Anomalous nodes are defined as those nodes that deviate significantly from other nodes in the structure and attributes. Discovering anomalous connections in the network, nodes with anomalous behavior, nodes containing anomalous information, etc. can be abstracted as anomaly detection problems for graphs. The anomalous transactions in the data are usually some illegal violations such as money laundering, tax evasion, illegal financing and fraud. These transactions usually have different values from other nodes in terms of characteristics such as time step, transaction amount, number of inputs and outputs.
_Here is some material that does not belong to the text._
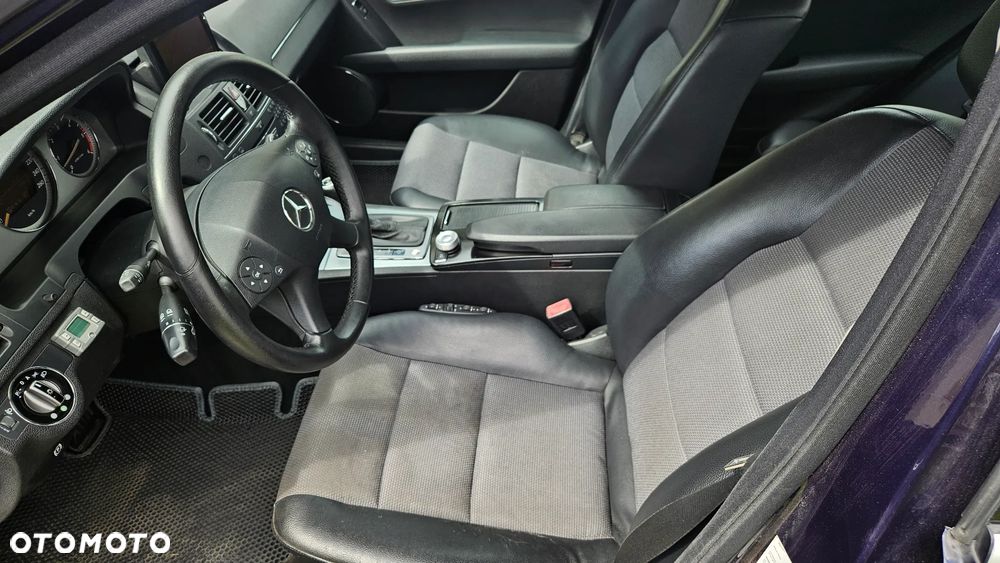Mercedes-Benz Klasa C 320 CDI Avantgarde 4-Matic - 11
Through the above analysis, the anomaly score of a node can be measured by the network structure and attribute reconstruction error.
The embedding reconstruction method can filter out nodes with rare topology or node attributes, and the reconstructed network is generated by an induction of the features of normal nodes that occupy the majority of the original data. Therefore, if the structural and attribute information of a node is reconstructed and still approximates the original state, then it is a normal node with a high probability. Otherwise, it may be more different from the majority of nodes, i.e., anomalous node.
In the anomaly detection stage, the anomaly score of each node is calculated by combining its connection and attribute information based on the reconstructed error of the matrix. The anomaly scores are arranged in descending order of the nodes, and the nodes with higher scores are more likely to have anomalies. Nodes with scores higher than \({\theta }\)are marked as predicted anomalies and compared with their true labels, and the detection effectiveness of the algorithm is judged using various evaluation metrics. \({\theta }\)is taken in relation to the distribution of anomaly scores.